北斎の赤富士を片手に 標高1,786mの「三ッ峠」の頂を目指す

葛飾北斎が描いた富士山、「富嶽三十六景」の代表作の『凱風快晴』。 白雲たなびく青空に、画面いっぱい聳えたつ赤富士が、すこし右寄りに描かれ向かって左側の裾野を大きく広げている。 北斎の富士といえば、まず思いだされるほど象徴的な作品だ。 ただ、この画には他に目印となる背景がないため、どこから描かれたか公的には不明とされている。でも俗説的には、この赤富士は「三ッ峠」からの富士では?とも言われている。 その真実を、この眼で確認するために三ッ峠に登ってみよう。という人もきっと多いはず。 三ッ峠は、富士山周辺の山のなかでも、その愛され度は特別という印象がある。しかも三ッ峠の人気の理由は一つではない。なんといっても山頂からの富士山の眺望が抜群で、富士山写真の第一人者である岡田紅陽さんも、足しげく通った撮影地だった。 「富士山は、遠ければ遠いほど、高ければ高いほど秀麗に見える」と語っていた紅陽さんにとって、標高1,786mの三ッ峠の山頂は、その秀麗さを撮るのにベストポイントだったのだろうと思う。 また太宰治は、小説「富嶽百景」のなかで、御坂峠からの富士山の眺めを、まるで“風呂屋のペンキ画”のように良く出来過ぎている。と言っておきながら、その後すぐに井伏鱒二に誘われ一緒に三ッ峠に登るがあいにくの霧で富士山は見えず、山小屋にあった三ッ峠からの富士山の写真に感動している。それらの逸話を知るにつけ、三ッ峠は富士山のことを一番よく知っている山なのでは、という感じがする。というわけで、富士山世界遺産の構成資産ではないけれど、今回の富士山巡礼の旅には外せないと思った。

三ッ峠より朝焼けの富士山

三ッ峠より朝焼けの富士山

登山口に選んだのは 富士山で一番うまい水が湧く「西桂町」

かつて「神鈴峰」とも呼ばれていた「三ッ峠」は、河口湖をはさんで富士山と真正面に向かいあっている。 「三つ峠」駅のある西桂町は、富士山の伏流水のなかでも一番おいしい層からの水が湧きだしている土地として知られている。かつては、その豊かな水で「群内織(甲斐絹かいき)」の一大産地として栄えた。西桂の町には、「カワ」と呼ばれる用水路が町中に引きこまれ清らかな水音と、カシャンカシャンという機音が響きわたっていた。 現在、用水路の多くはフタがされ、それでも耳をすますと足もとを流れるいかにも澄んだ水音が聴こえてくるのだ。少し町中を散策してみると、家々の間をぬって今もサラサラと流れる細いカワも見つけられた。きっとほんの少し前まで織物の産地というだけでなく、西桂には日本屈指の美しい水の町の風景があったのではないだろうか?と想像できた。 戦後の登山ブームのころには、三つ峠駅には11時の最終列車を過ぎても深夜まで臨時列車が続々と到着し、すべてが登山客で満員だったという。シーズンには駅から山頂までの長い長い行列ができた。最近でも第二次登山ブームなのか?登山シーズンになると華やかな山ガールや家族連れが三ッ峠山頂を目指す。きっと富士山に登る前の前哨戦。今も昔も変わらないと思う。山頂へのルートは他に河口湖側からもあるが、今回は巡礼ということで西桂側から登ることにこだわってみた。時間的にも一番かかるルートであるけれど、こちらが、いろんな意味で“本道”だと思うからだった。  

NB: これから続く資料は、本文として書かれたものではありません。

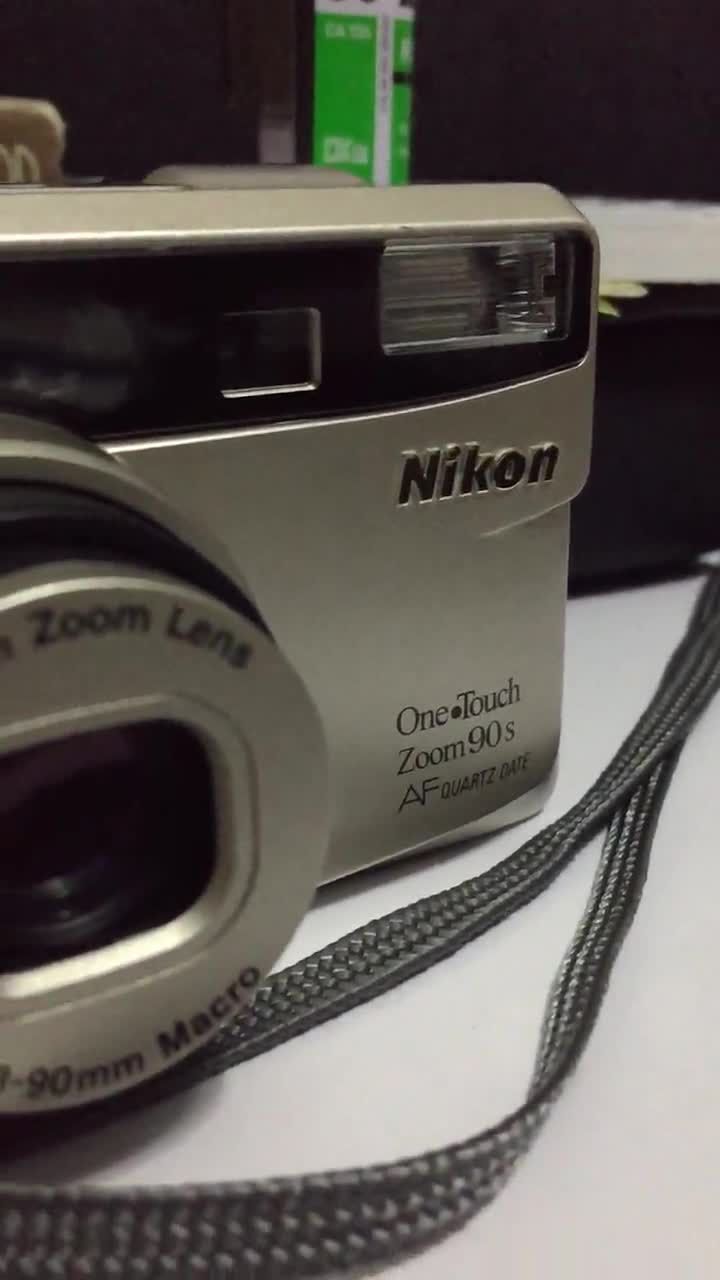 ビンテージ Nikon One Touch Zoom 90年代カメラ（フルセット、動作確認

富士急行線三つ峠駅 富士急行線三つ峠駅 三つ峠駅から三ッ峠を目指す 三つ峠駅から三ッ峠を目指す

三つ峠駅から、下暮地の集落を抜け、まず町営の「三ッ峠グリーンセンター」に出る。こちらは食事や宿泊、日帰り入浴もできて、登山客にとってもなにかと有りがたいであろう施設。そば打ちなど体験工房もあり、登山をしなくても周辺の自然とあわせて十分楽しめる。三ッ峠ゆかりの天然温泉を下山後の楽しみにすることも良い。 さて、ここからは「柄杓流川」の気持ちのよいせせらぎを聴きつつ、渓流沿いの「さくら公園」、さらに森林浴が楽しめる「いこいの森」へと、駅から約1時間30分ほど。途中、三つコブの山頂部が見晴らせると気持ちが思わず踊った。駐車場もあるので、ここまでは車で来ることもできる。

アークが刻まれた達磨石 アークが刻まれた達磨石 八十八大師の側にある空胎上人の墓 八十八大師の側にある空胎上人の墓

噂にたがわぬ 日本一の富士山が待っていた

いよいよ森が深くなり、本格的な登山道の雰囲気。間もなく、これこそ“本道”の証の「達磨石」に出迎えられた。 大きな自然石を刻んだもののようで、たしかにダルマの形にも見え、中央にアークという“梵字”が刻まれている。梵字は、大日如来を表現し未来の道を明るく開き、福徳と長寿を授けてくれる標だという。 三ッ峠は奈良時代から修験道の歴史があるとされ、江戸時代の後期に「空胎上人」が入山し改めて神鈴峰信仰が広められ、その後四代にわたって深められてきた。達磨石は空胎上人の後継者が建立したもので、一つの山に対する信仰の想いが受け継がれてきた証だった。 ここから、登山道沿いに山頂まで、信仰の遺跡が点在している。 幾つ見つけられるか、ぜひ自分で登って探してみてほしいけれど、 代表的なところで、もう一つ。山頂近くの「八十八大師」である。 赤い前掛けをした表情もすべて異なるお地蔵さんが、ずらっと並んでいる。地蔵さんの材となっている石は下から運んだものと見られ、それだけでも信仰者のみなさんの想いの深さがうかがえるものだ。この中から自分に似た顔のお地蔵さんを見つけるのも楽しいかもしれない。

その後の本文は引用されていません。